> _PROBLEM REQUIREMENTS_: The line containing "10kt gold Sapphire ring" and every line after it, through the end of the records below, are to be reproduced exactly, with the pictures left out.

····················

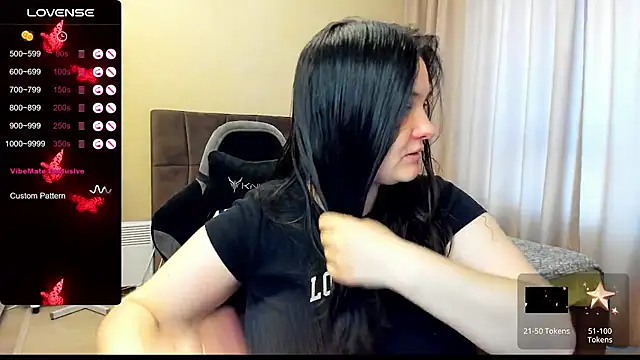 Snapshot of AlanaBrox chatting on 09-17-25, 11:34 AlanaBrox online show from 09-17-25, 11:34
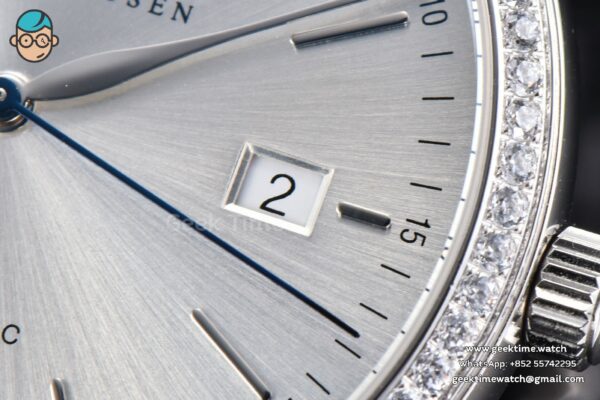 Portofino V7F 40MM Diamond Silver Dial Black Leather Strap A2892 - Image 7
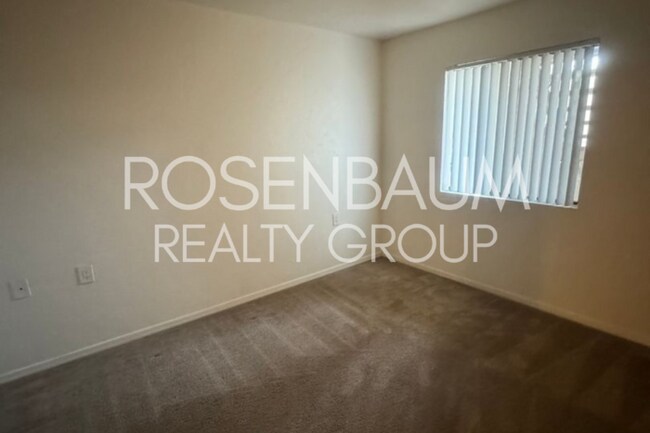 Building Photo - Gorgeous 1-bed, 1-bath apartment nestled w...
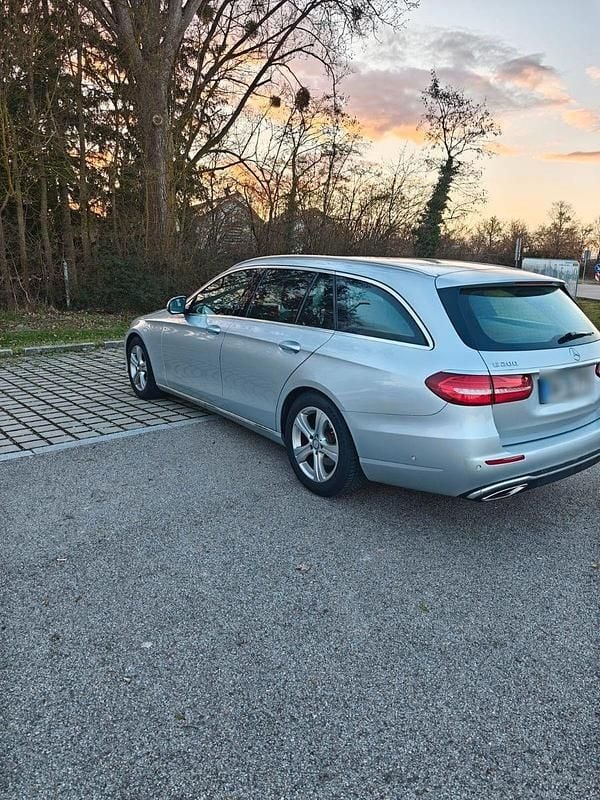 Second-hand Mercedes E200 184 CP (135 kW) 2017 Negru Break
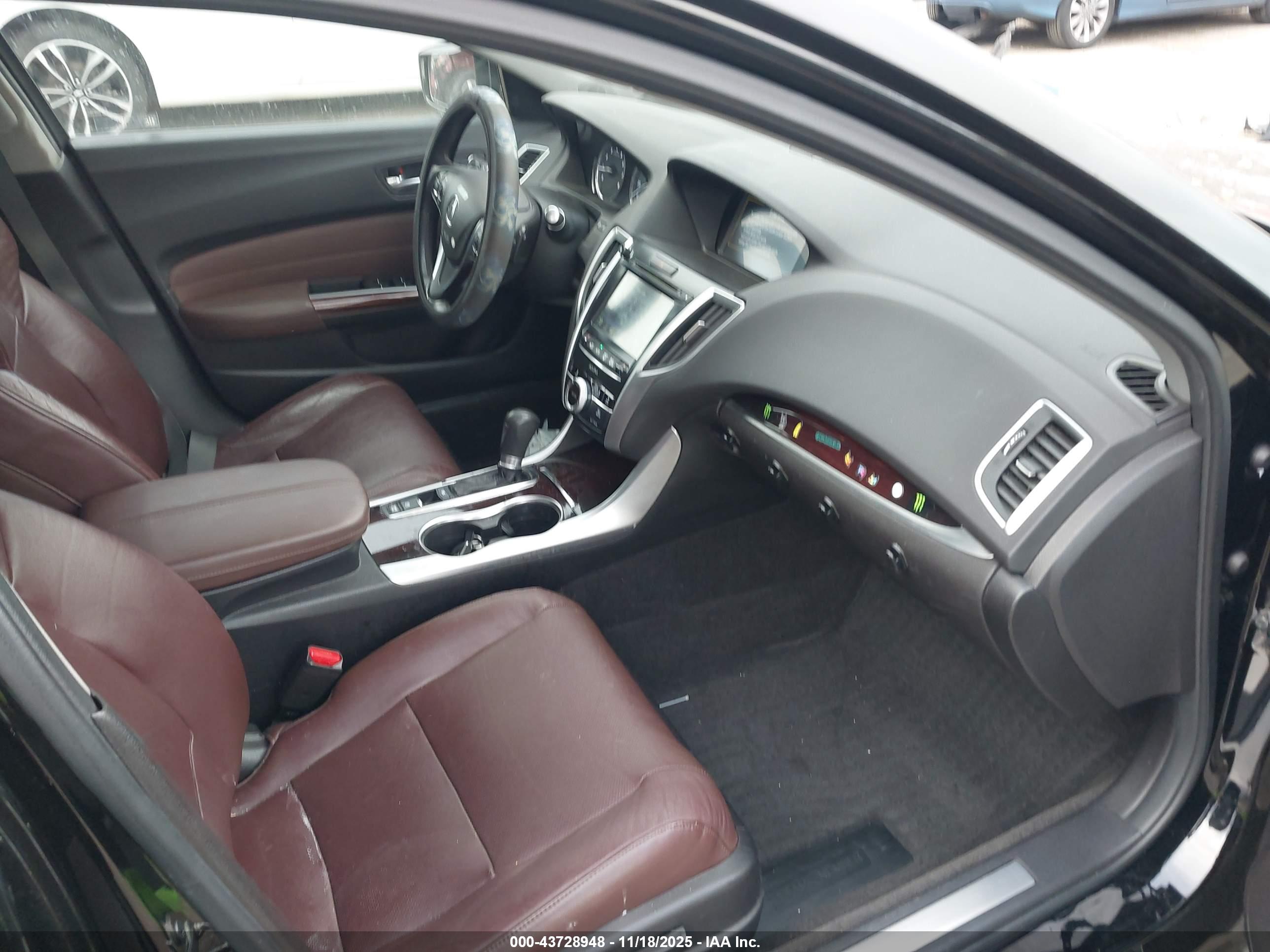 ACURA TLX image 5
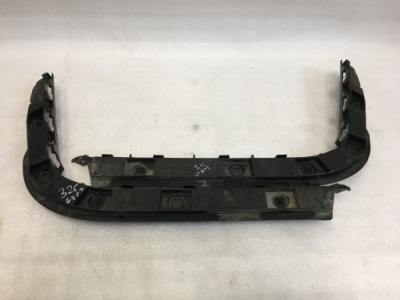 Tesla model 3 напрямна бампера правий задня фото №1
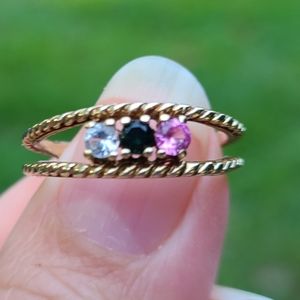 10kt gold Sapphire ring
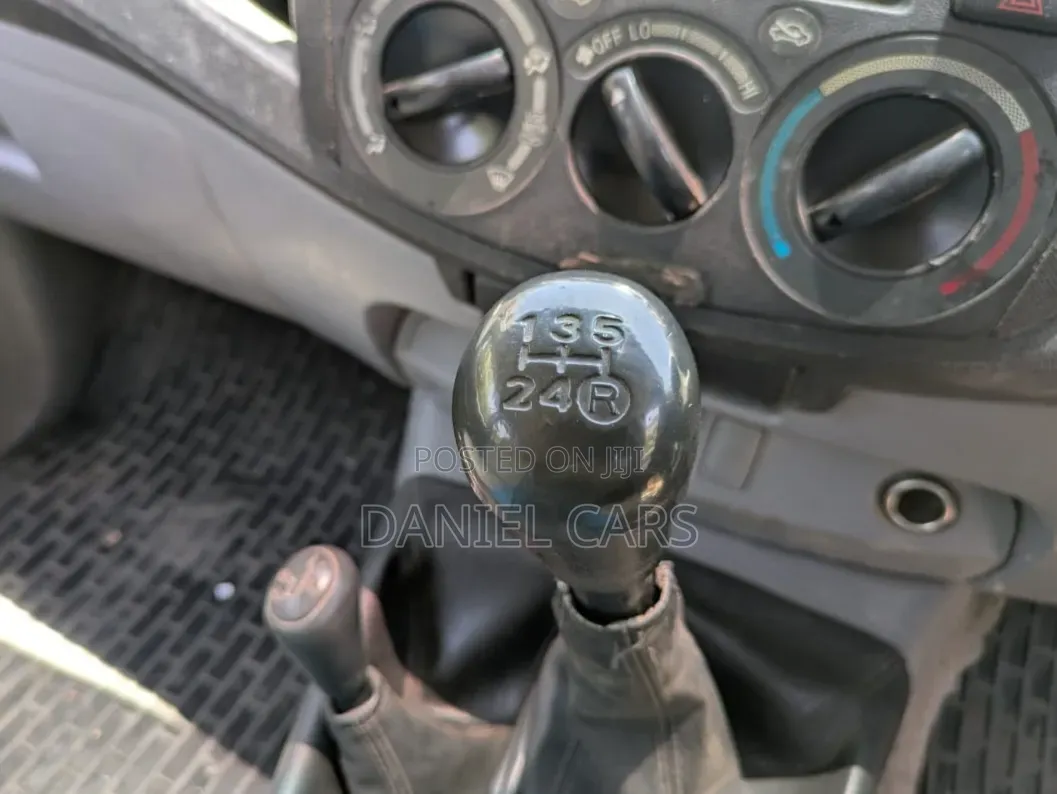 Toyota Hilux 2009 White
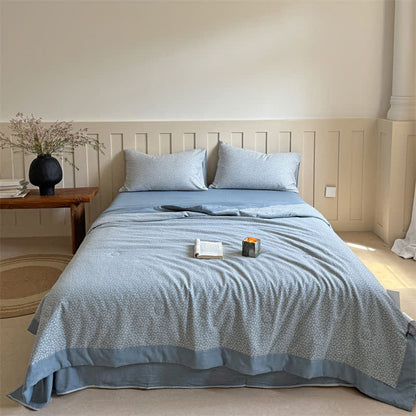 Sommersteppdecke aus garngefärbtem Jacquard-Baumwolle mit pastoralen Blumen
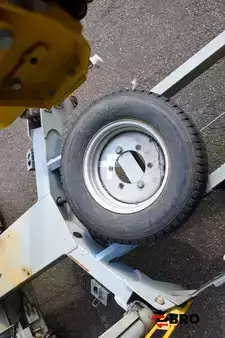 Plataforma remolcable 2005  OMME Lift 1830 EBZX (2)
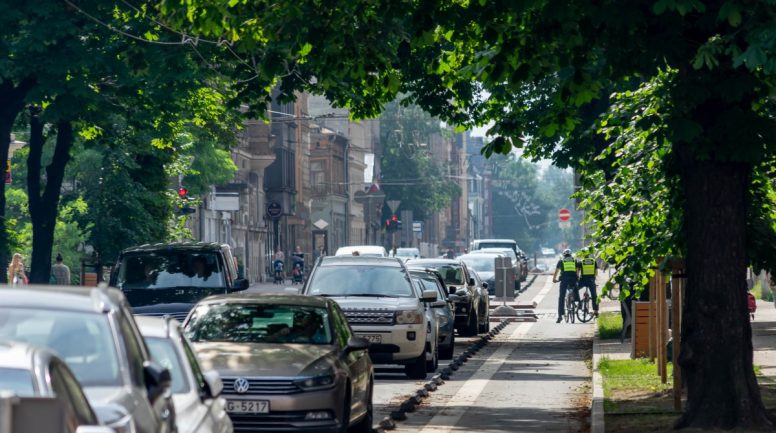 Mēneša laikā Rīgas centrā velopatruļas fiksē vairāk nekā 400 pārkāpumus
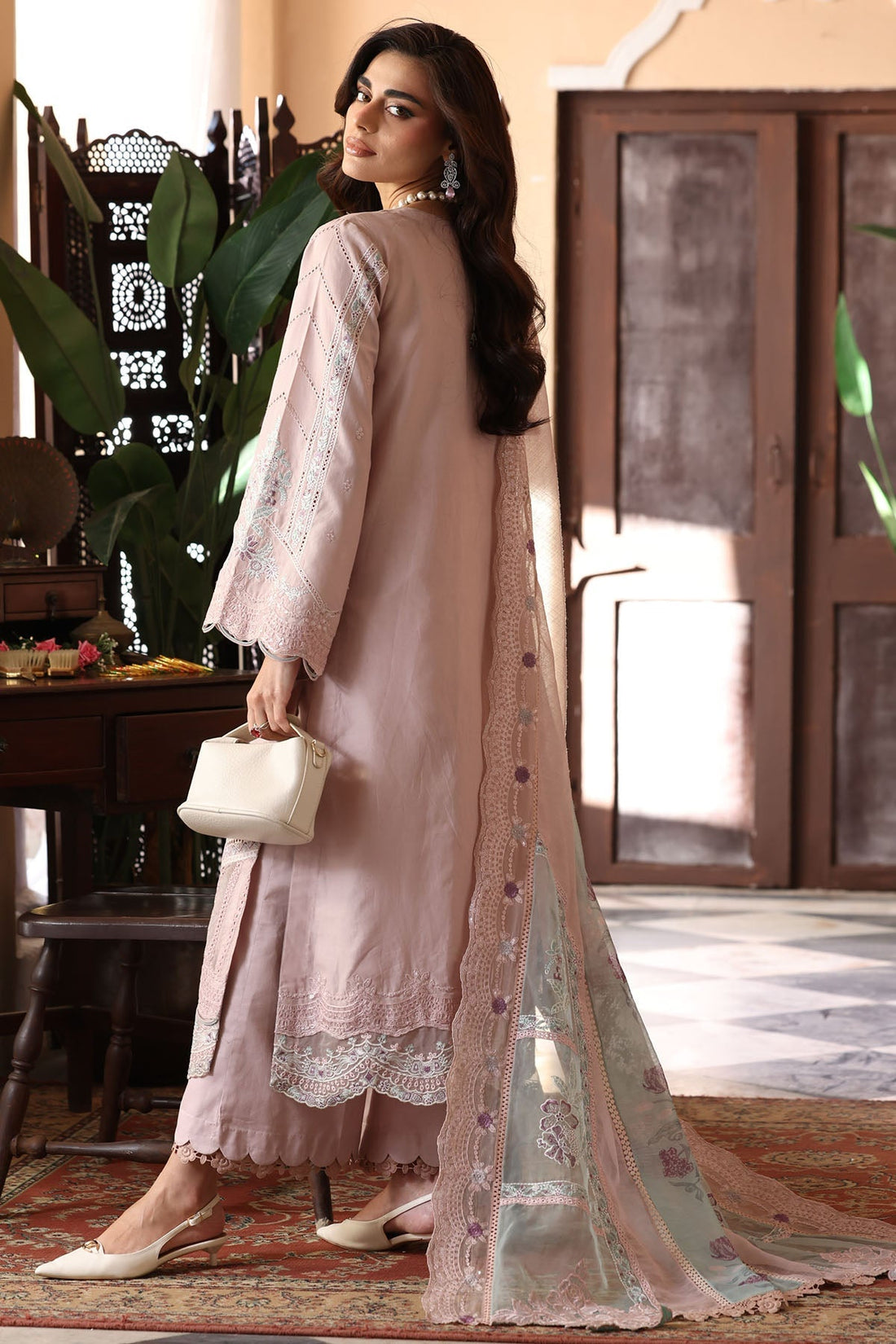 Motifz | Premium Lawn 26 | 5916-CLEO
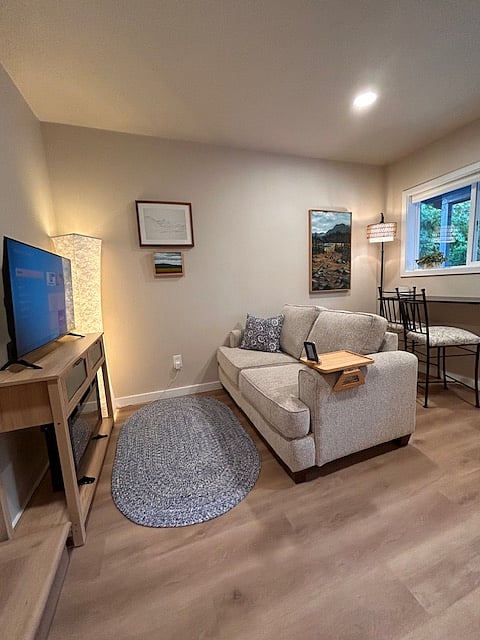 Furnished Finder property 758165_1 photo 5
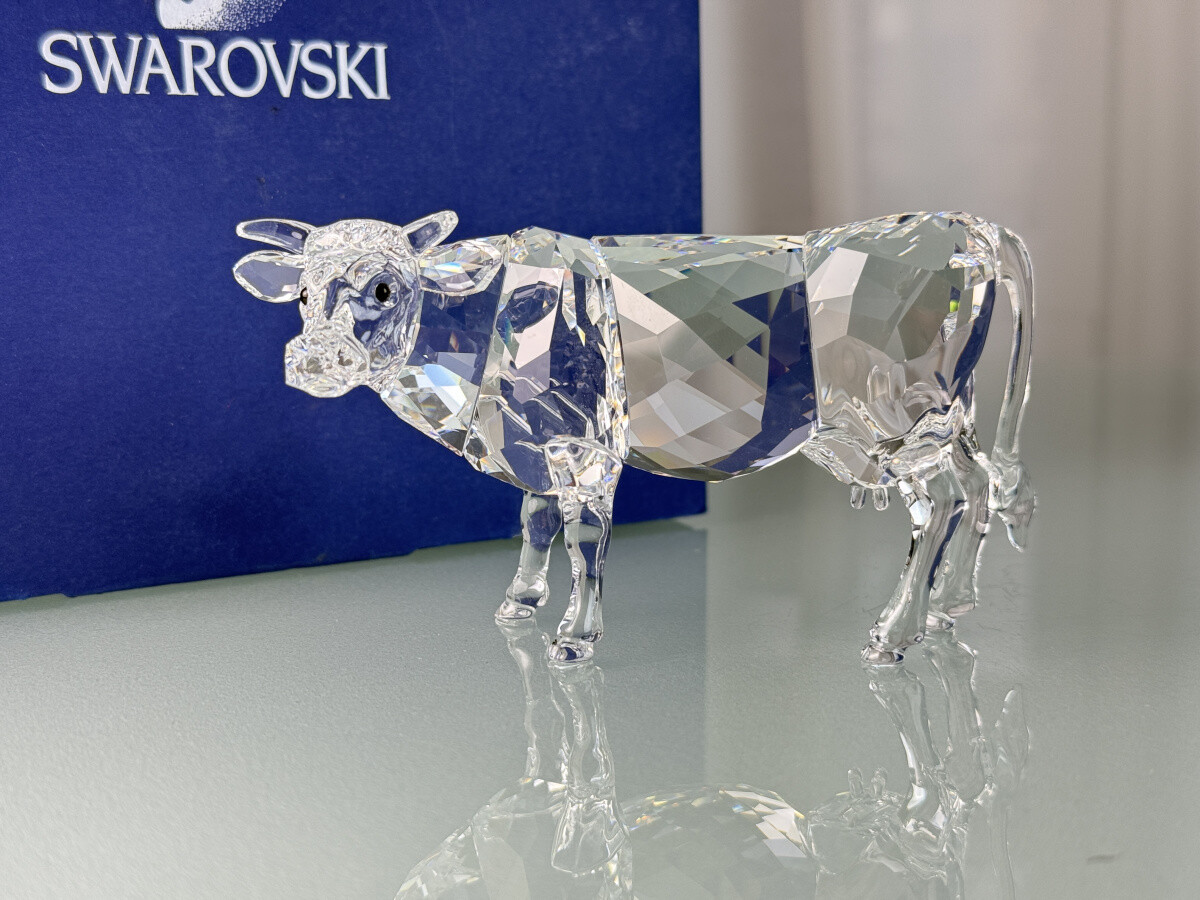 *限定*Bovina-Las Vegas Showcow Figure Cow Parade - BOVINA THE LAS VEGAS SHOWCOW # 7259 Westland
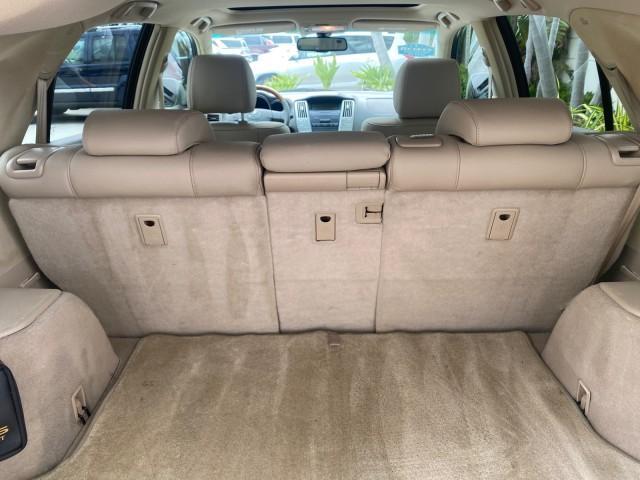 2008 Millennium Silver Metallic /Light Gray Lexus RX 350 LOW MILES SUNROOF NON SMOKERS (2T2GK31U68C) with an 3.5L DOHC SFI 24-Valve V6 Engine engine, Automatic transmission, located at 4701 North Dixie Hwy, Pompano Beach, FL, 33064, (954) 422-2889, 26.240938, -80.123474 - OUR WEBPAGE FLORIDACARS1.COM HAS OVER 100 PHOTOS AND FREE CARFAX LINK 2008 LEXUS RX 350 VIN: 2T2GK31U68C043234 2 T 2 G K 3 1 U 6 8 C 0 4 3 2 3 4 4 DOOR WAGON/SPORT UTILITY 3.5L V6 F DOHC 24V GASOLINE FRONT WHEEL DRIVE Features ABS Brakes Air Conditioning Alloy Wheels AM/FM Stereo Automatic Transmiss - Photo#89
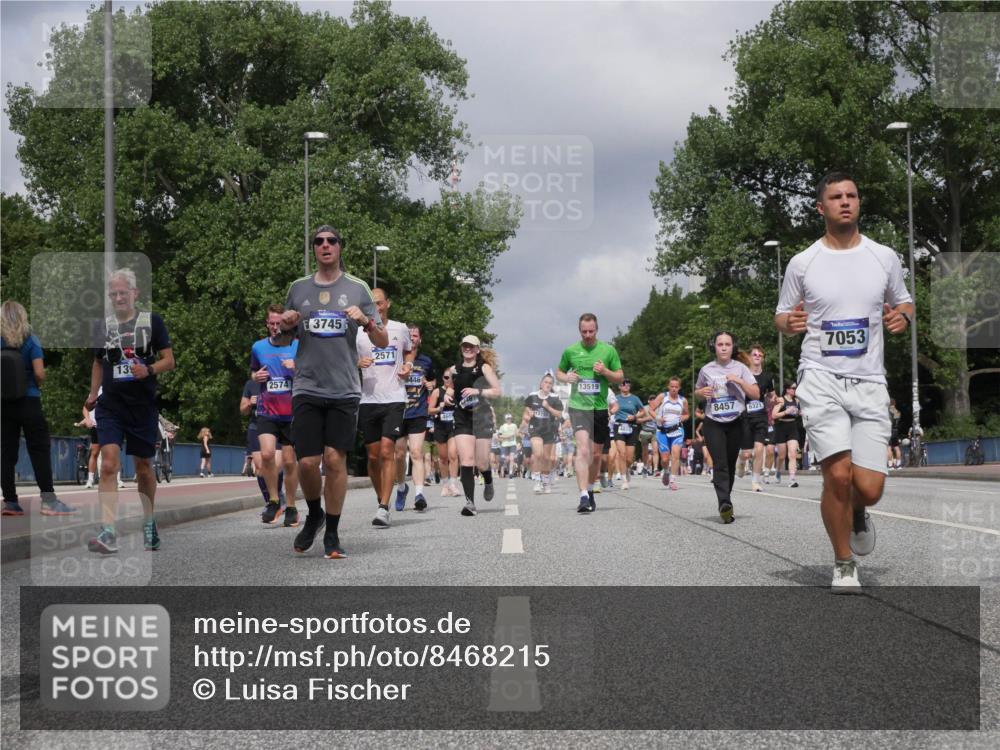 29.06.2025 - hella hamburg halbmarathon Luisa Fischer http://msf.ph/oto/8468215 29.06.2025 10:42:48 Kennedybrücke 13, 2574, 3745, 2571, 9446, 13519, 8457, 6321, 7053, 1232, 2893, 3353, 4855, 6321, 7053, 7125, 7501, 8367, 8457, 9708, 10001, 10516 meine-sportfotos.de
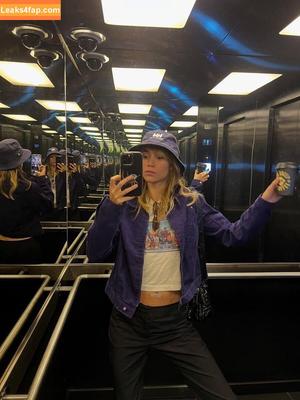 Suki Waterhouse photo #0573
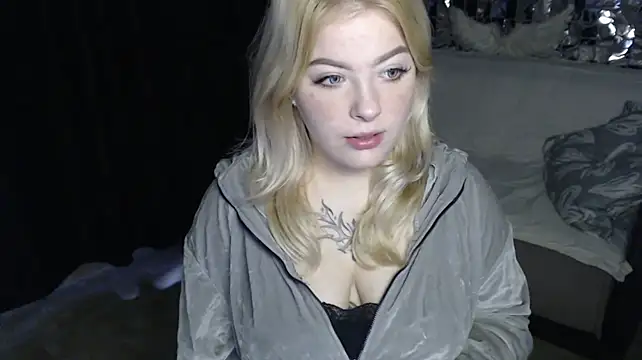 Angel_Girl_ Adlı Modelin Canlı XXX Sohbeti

····················

> _ANSWER SPACE_:
 10kt gold Sapphire ring
 Toyota Hilux 2009 White
 Sommersteppdecke aus garngefärbtem Jacquard-Baumwolle mit pastoralen Blumen
 Plataforma remolcable 2005  OMME Lift 1830 EBZX (2)
 Mēneša laikā Rīgas centrā velopatruļas fiksē vairāk nekā 400 pārkāpumus
 Motifz | Premium Lawn 26 | 5916-CLEO
 Furnished Finder property 758165_1 photo 5
 *限定*Bovina-Las Vegas Showcow Figure Cow Parade - BOVINA THE LAS VEGAS SHOWCOW # 7259 Westland
 2008 Millennium Silver Metallic /Light Gray Lexus RX 350 LOW MILES SUNROOF NON SMOKERS (2T2GK31U68C) with an 3.5L DOHC SFI 24-Valve V6 Engine engine, Automatic transmission, located at 4701 North Dixie Hwy, Pompano Beach, FL, 33064, (954) 422-2889, 26.240938, -80.123474 - OUR WEBPAGE FLORIDACARS1.COM HAS OVER 100 PHOTOS AND FREE CARFAX LINK 2008 LEXUS RX 350 VIN: 2T2GK31U68C043234 2 T 2 G K 3 1 U 6 8 C 0 4 3 2 3 4 4 DOOR WAGON/SPORT UTILITY 3.5L V6 F DOHC 24V GASOLINE FRONT WHEEL DRIVE Features ABS Brakes Air Conditioning Alloy Wheels AM/FM Stereo Automatic Transmiss - Photo#89
 29.06.2025 - hella hamburg halbmarathon Luisa Fischer http://msf.ph/oto/8468215 29.06.2025 10:42:48 Kennedybrücke 13, 2574, 3745, 2571, 9446, 13519, 8457, 6321, 7053, 1232, 2893, 3353, 4855, 6321, 7053, 7125, 7501, 8367, 8457, 9708, 10001, 10516 meine-sportfotos.de
 Suki Waterhouse photo #0573
 Angel_Girl_ Adlı Modelin Canlı XXX Sohbeti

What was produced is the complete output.